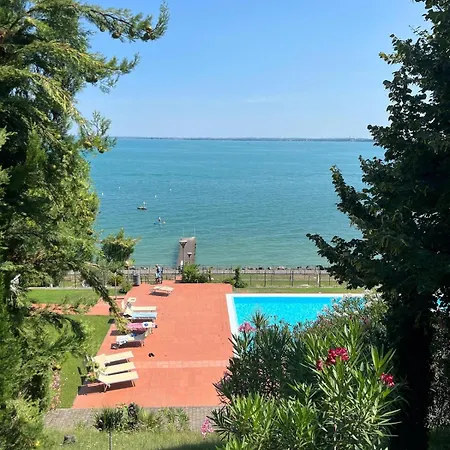 Apartman Garda - Direct Access To 3 Pools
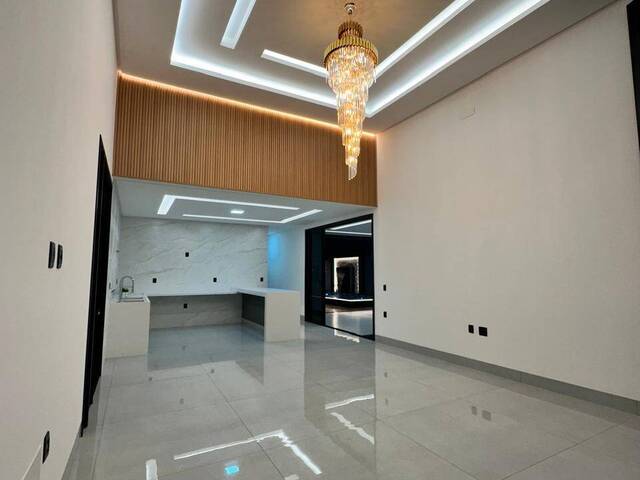 Casa para Venda em Goiânia - 4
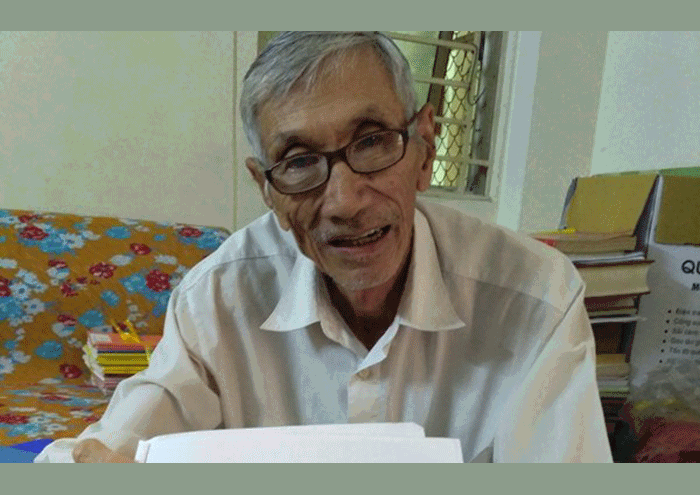 Khâm phục nghị lực của cụ ông 75 tuổi chinh phục giảng đường cao học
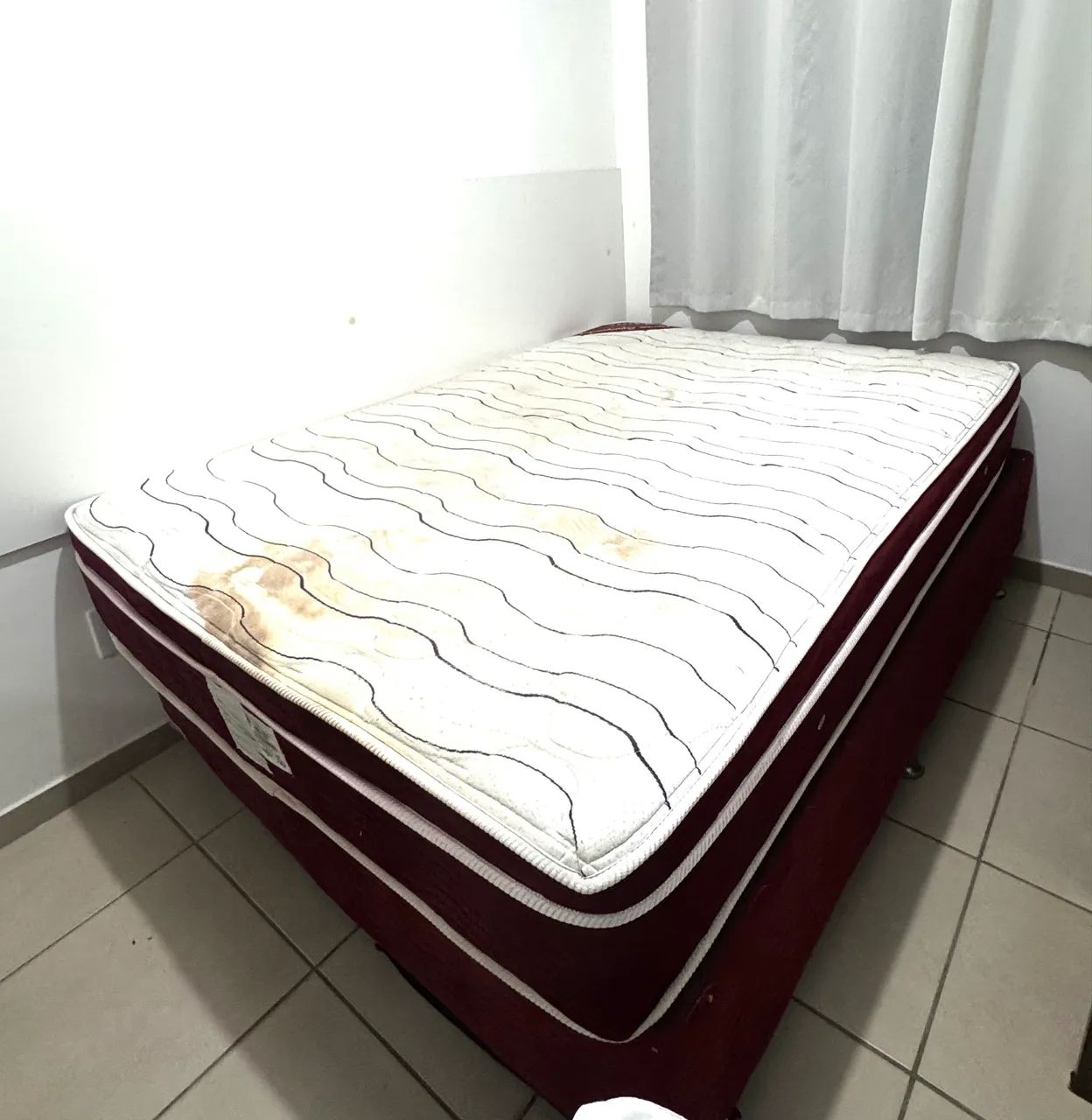 Cama casal box Ortobom molas ensacadas 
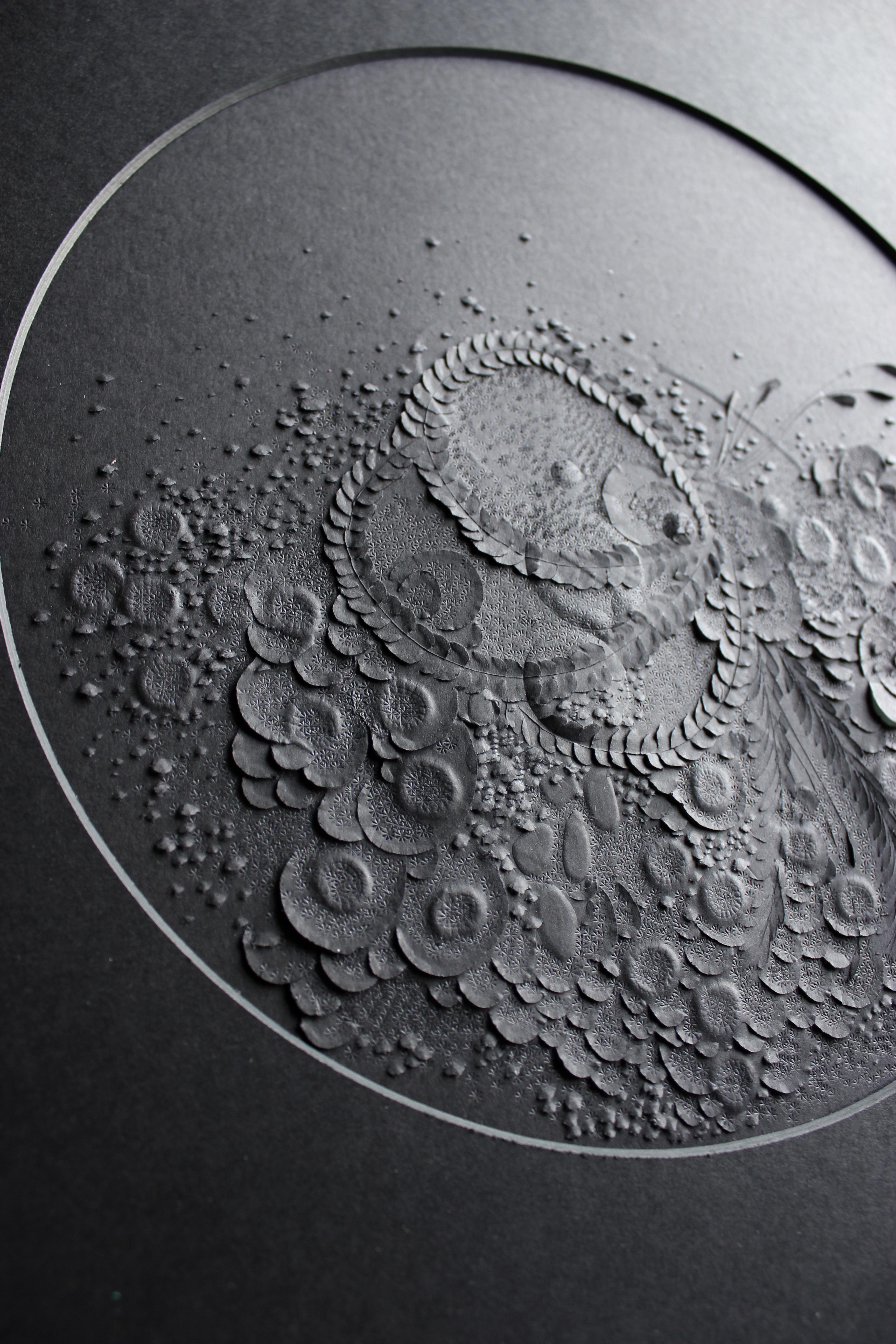 Paysage noir 15 - rond texturé abstrait inspiré de la nature papier sculpté - Abstrait Sculpture par Anne-Charlotte Saliba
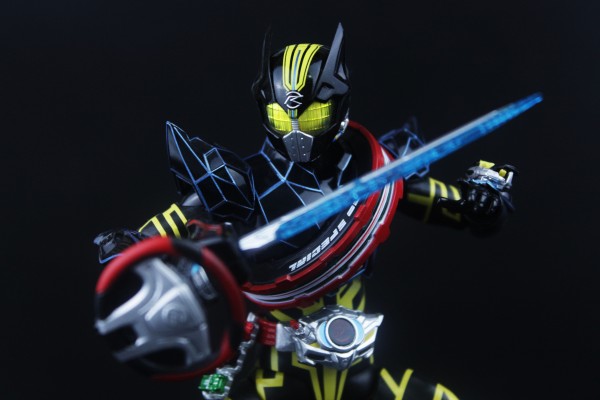 S.H.Figuarts  剧场版 假面骑士驰骑: SURPRISE FUTURE  假面骑士驰骑 特殊型号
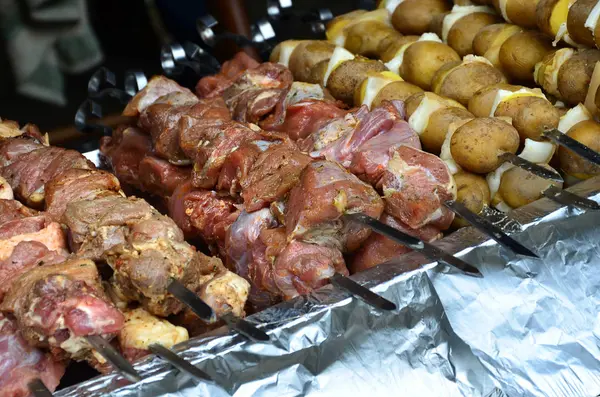 Carne Crua Batatas São Plantadas Espetos Metálicos Processo Cozinhar Kebabs — Fotografia de Stock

EXERCISE: Exact copy, no pictures: reproduce every record above.

OUTPUT FOR THIS EXERCISE:
 Apartman Garda - Direct Access To 3 Pools
 Casa para Venda em Goiânia - 4
 Khâm phục nghị lực của cụ ông 75 tuổi chinh phục giảng đường cao học
 Cama casal box Ortobom molas ensacadas 
 Paysage noir 15 - rond texturé abstrait inspiré de la nature papier sculpté - Abstrait Sculpture par Anne-Charlotte Saliba
 S.H.Figuarts  剧场版 假面骑士驰骑: SURPRISE FUTURE  假面骑士驰骑 特殊型号
 Carne Crua Batatas São Plantadas Espetos Metálicos Processo Cozinhar Kebabs — Fotografia de Stock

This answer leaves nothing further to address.